- Ja nie pytam Boga, dlaczego zabrał mi Agatę. Ja mu dziękuję dzisiaj za to, że postawił ją na mojej drodze, że mogłem z nią być, dzielić z nią najwspanialsze chwile mojego życia, że obdarzył nas córką. Muszę Agato Ci powiedzieć, że na pewno wychowam ją na wspaniałą dziewczynę i na pewno nigdy o Tobie nie zapomni - powiedział mąż Agaty Mróz-Olszewskiej, Jacek Olszewski, podczas ostatniego pożegnania zmarłej żony.
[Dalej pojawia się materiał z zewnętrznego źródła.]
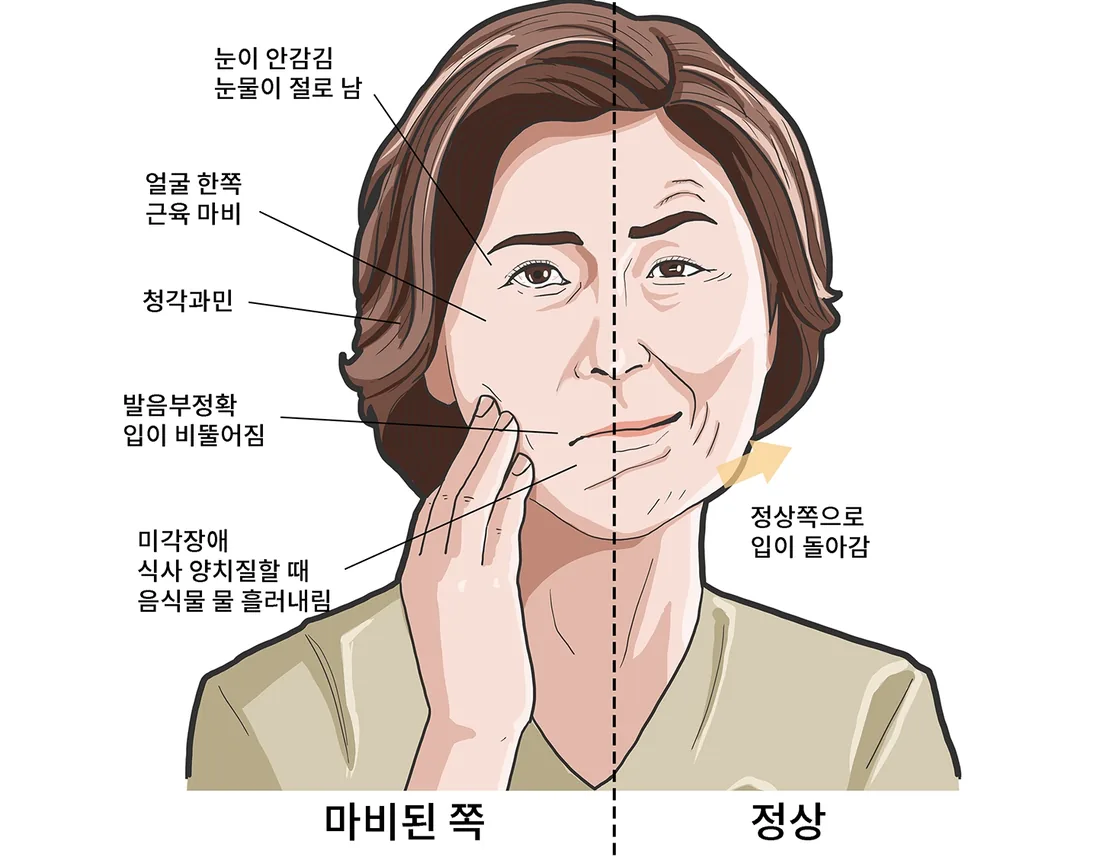 안면 한쪽 근육이 마비되어 눈 감기·입 모양·표정이 달라지는 모습을 정상 쪽과 비교한 일반 안내 일러스트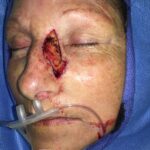 Cheek and nose wound reconstruction from skin cancer removal with Burow's Triangle Displacement flaps - Woman - Case 111213 - Intraoperative - Oblique view
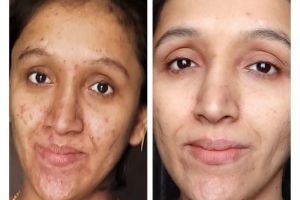 Tanpa serum dark spot, wanita ini pudarkan noda hitam di wajah cuma pakai 1 air bekas bahan makanan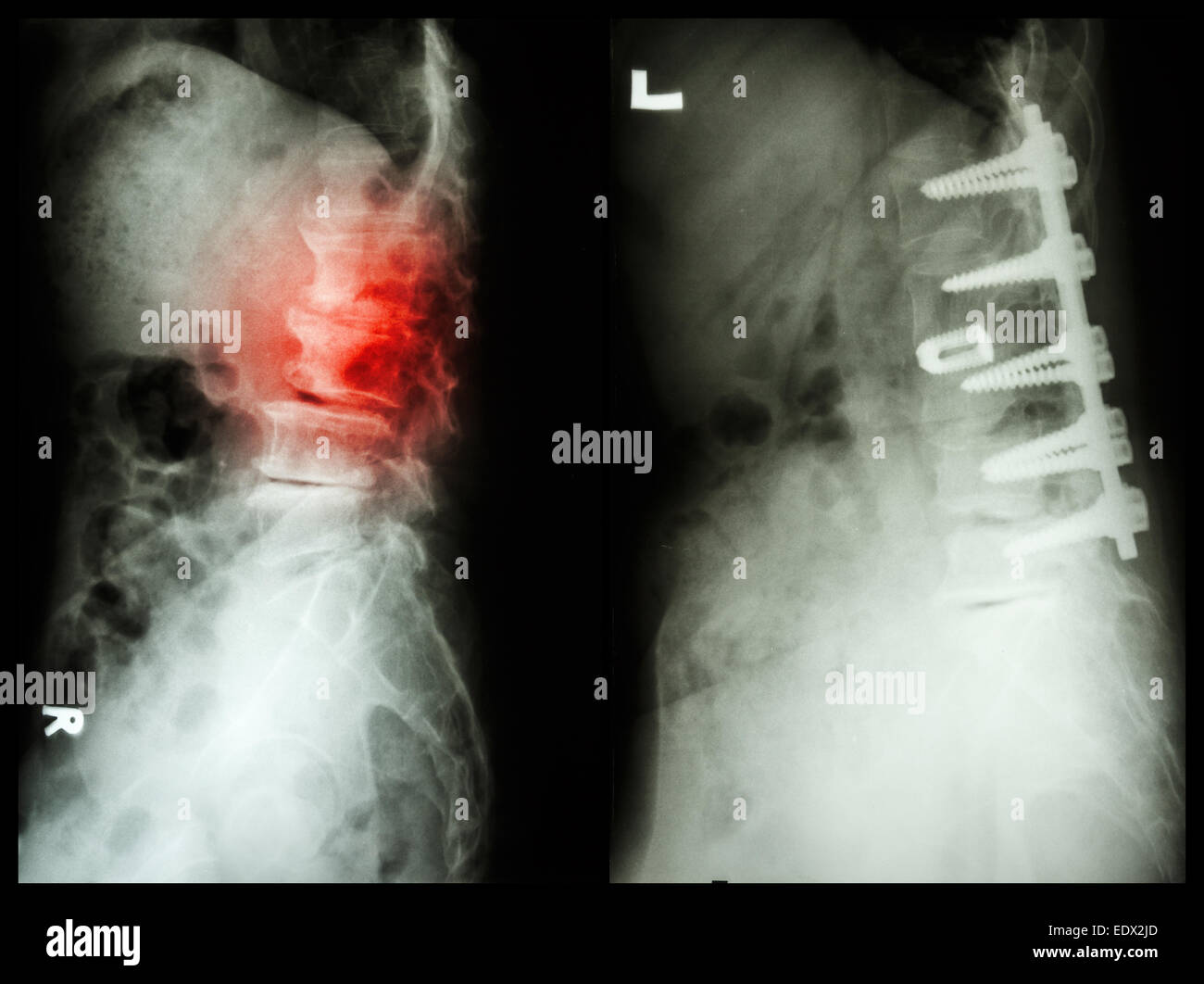 "Spondylose" (linkes Bild), Patient wurde operiert und interne fixiert. (Rechtes Bild) in Greis Stockfoto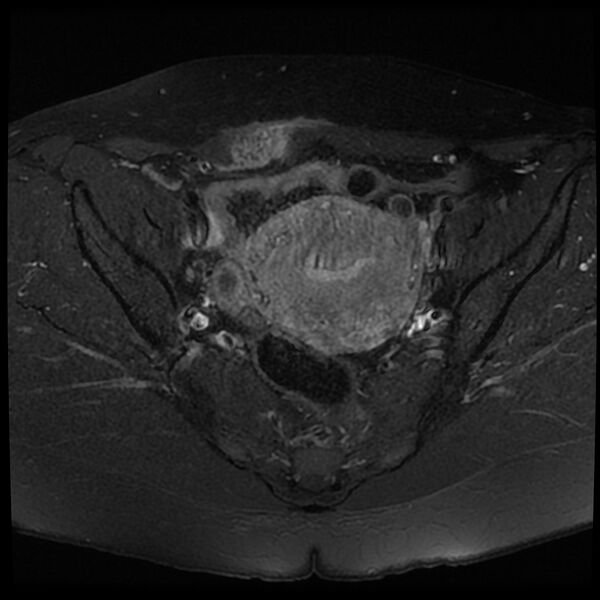 File:Adenomyosis-scar endometriosis (Radiopaedia 65863-75022 Axial T1 C+ fat sat 10).jpg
W Tarnowie odbył się dzisiaj pogrzeb siatkarki, która zmarła na białaczkę 4 czerwca. W czasie ceremonii odczytano między innymi krótki list - testament jaki Agata napisała do męża na dwa dni przed śmiercią "Bądź szczęśliwy, nie żałuję swojej decyzji. Gdybym miała jeszcze raz wybierać, wybrałabym tak samo. Jestem szczęśliwa, odchodzę spełniona."
Nabożeństwo pogrzebowe odprawiał biskup Marian Florczyk, który podkreślił, że Agata Mróz, odeszła tylko z oczu ludzi ale nie z ich życia i serca i pamięci.
Jacek Olszewski odmówił przyjęcia przyznanego Agacie przez prezydenta Krzyża Kawalerskiego Orderu Odrodzenia Polski, podkreślając że wyróżnienie należy się lekarzom walczącym o jej życie i że nie chce by śmierć żony została wykorzystana politycznie.
- Agata nie powinna być wykorzystywana w taki sposób, że zostaje odznaczona dopiero w dniu śmierci - stwierdził Olszewski.